Bucharest is Romania's capital and biggest city, but Transylvania — the mountainous central region of castles and medieval towns — is what draws most first-time visitors to the country in the first place.
Transylvania is the clear draw for castle-hunters: Bran Castle (marketed as Dracula's Castle), Peleș Castle, and Corvin Castle (Hunedoara Castle) are genuinely spectacular and spread across a scenic mountain region. Bucharest's Palace of Parliament (Palatul Parlamentului) is a landmark of a different kind — the second-largest administrative building on earth, built under communist rule.

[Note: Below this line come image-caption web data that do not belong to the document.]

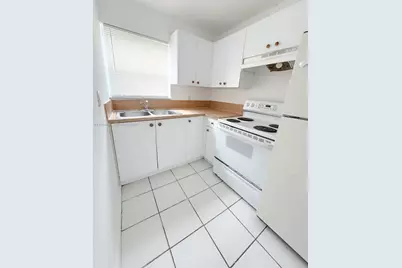 2840 NW 15th Ct #2, Fort Lauderdale, FL 33311 - Photo 4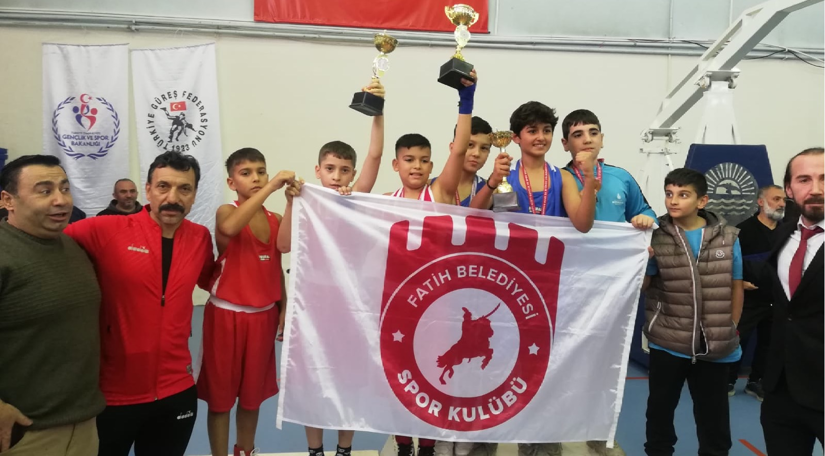 Fatih Municipality Sports Club Received the First Prize at Centennial Junior Boxing Championship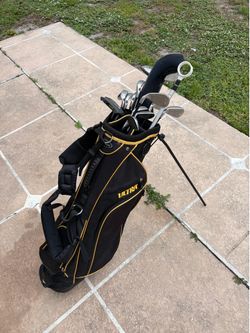 Golf clubs w/ bag, balls & tees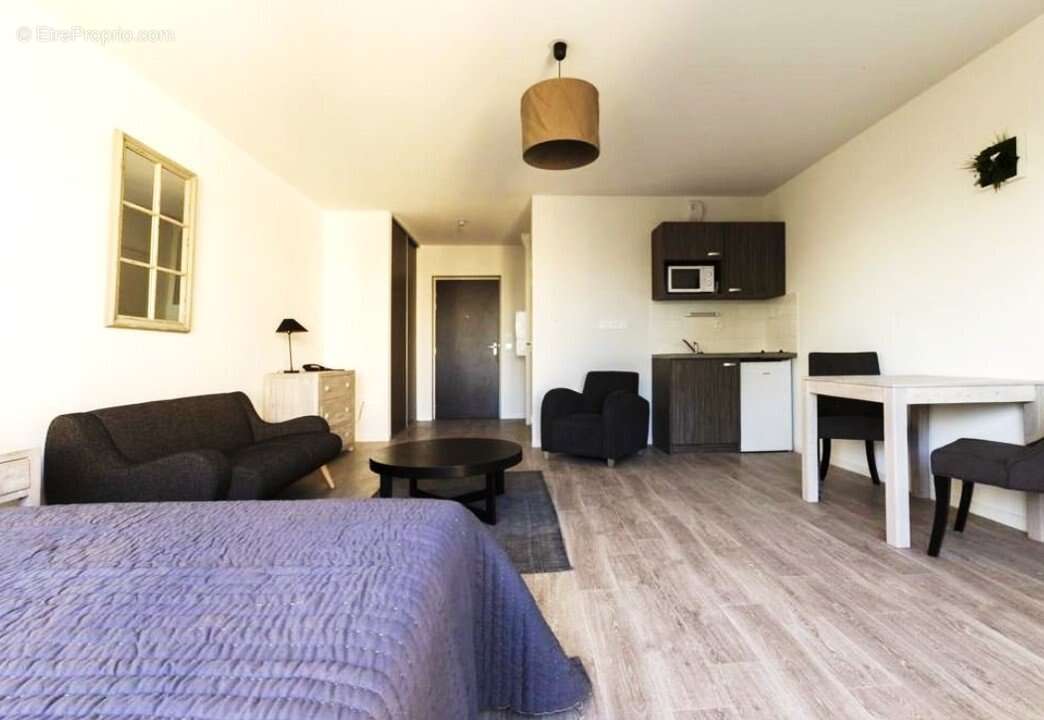 INVESTISSEMENT LOCATIF  Yzeure  Résidence Seniors Les Jardins du Danube - 6,75% de rentabilité - photo 3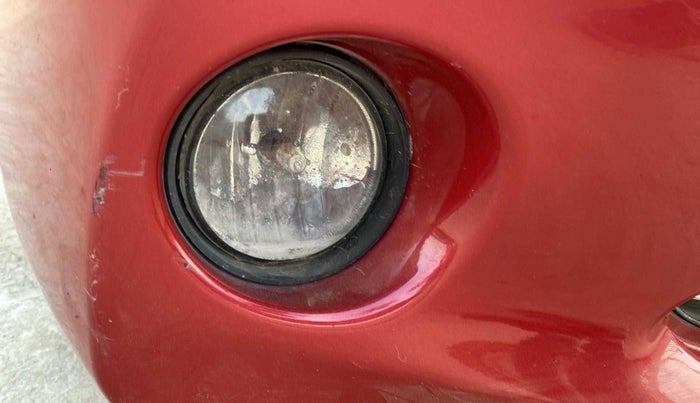 2012 Toyota Etios Liva G, Petrol, Manual, 54,197 km, Right fog light - Not working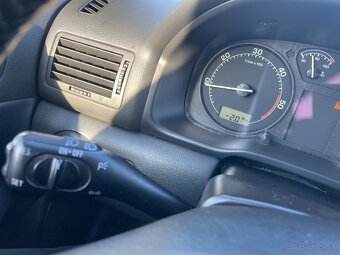 Škoda octavia combi 1.9tdi 66kw - 8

Transylvania's Sighișoara Medieval Citadel is a genuinely preserved medieval town, still inhabited, and the ASTRA National Museum Complex in Sibiu adds an open-air folk architecture museum. Bucharest's Lipscani (Old Town) is smaller and more nightlife-driven, with the National Museum of Art of Romania (MNAR) as its cultural anchor.

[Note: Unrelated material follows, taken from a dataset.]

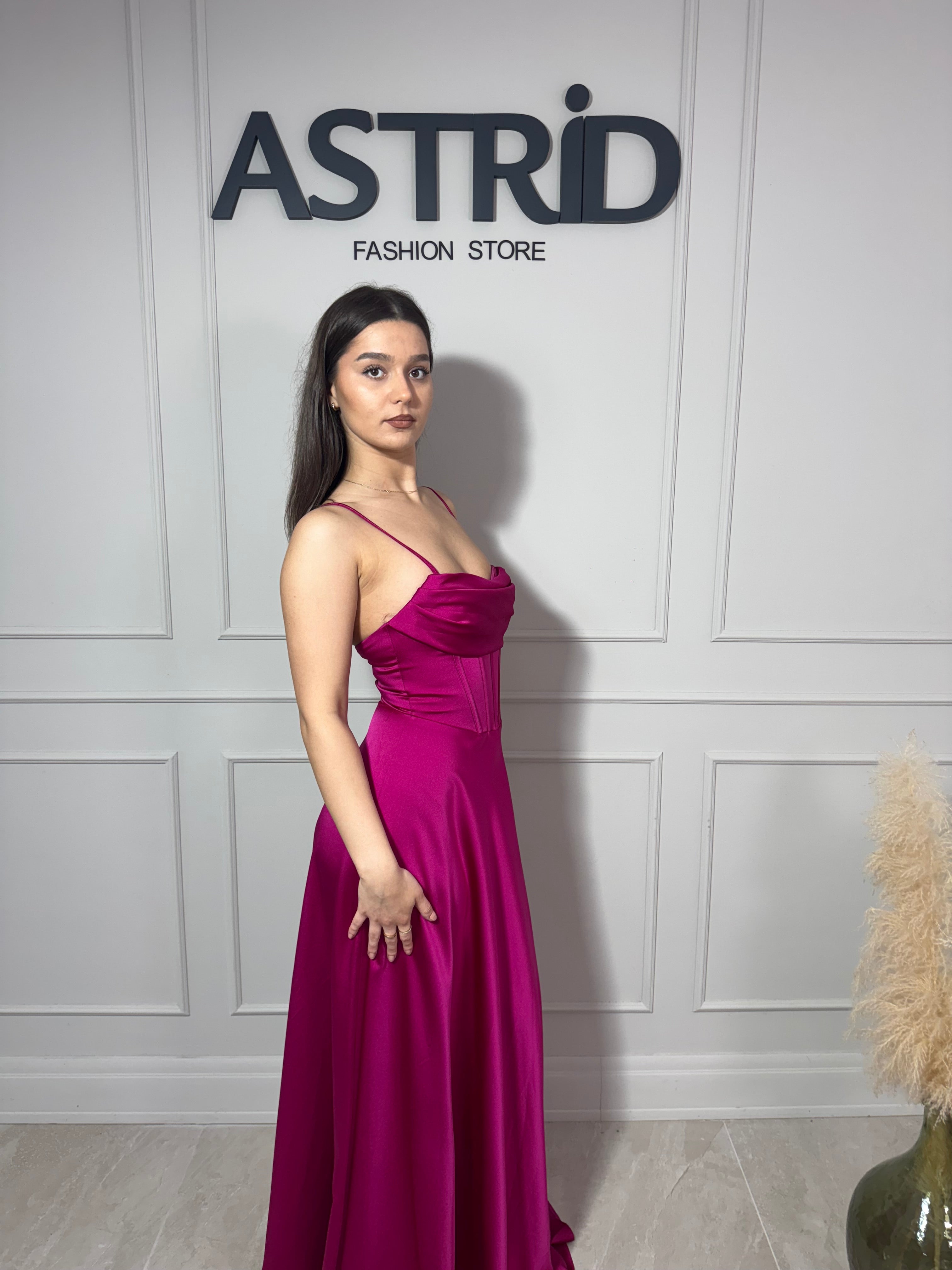 Rochie Erika lungă din satin în cloș cu corset la spate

Transylvania rewards a road trip or multi-town itinerary through the Carpathian mountains, with dramatically different scenery from town to town. Bucharest is a single, dense capital city best explored on foot or by metro over two or three days, without the driving required to see Transylvania properly.

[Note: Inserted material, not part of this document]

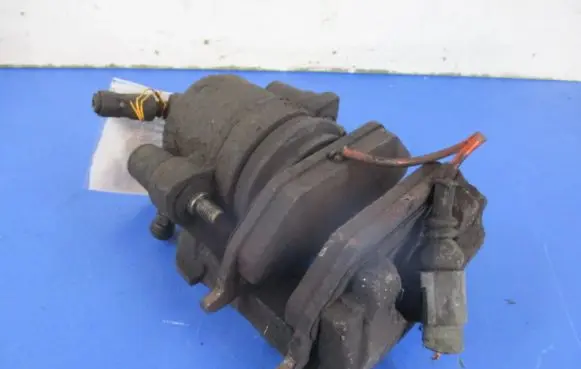Volkswagen Polo IV 9N3 Front brake caliper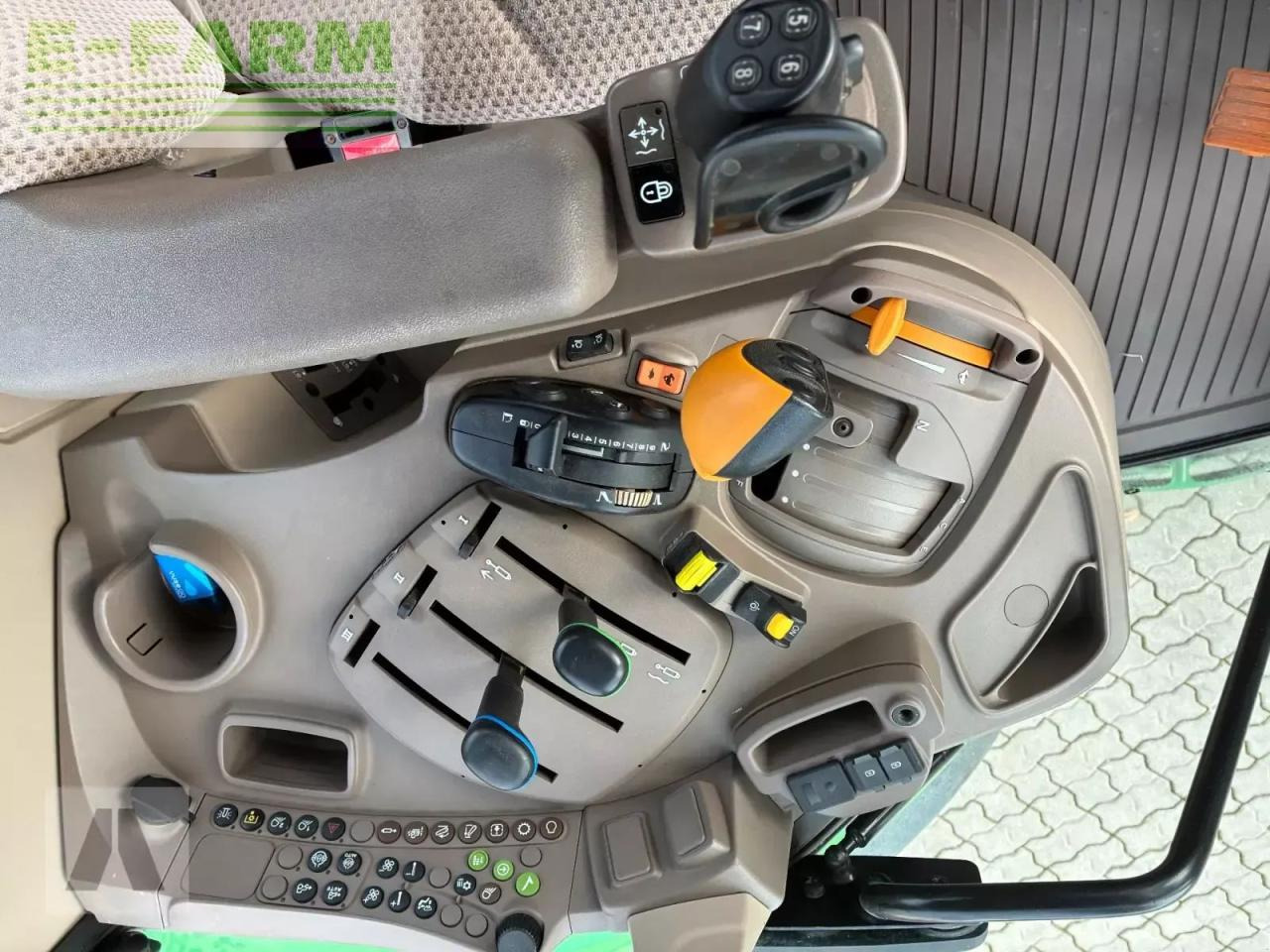 John Deere 6090m - Tractor: foto 5 John Deere 6090m - Tractor: foto 5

Bucharest has Romania's main international airport and the most direct flights, making it the natural entry point. Transylvania is best reached by car or train from Bucharest, and a rental car is genuinely useful for reaching castles and towns that aren't on a single train line.
Choose Bucharest as your entry point and for a compact capital-city stop with communist-era history. Choose Transylvania for castles, medieval towns, and mountain scenery — the region most people picture when they think of Romania. Most trips combine both: a couple of days in Bucharest, then a drive or train north into Transylvania.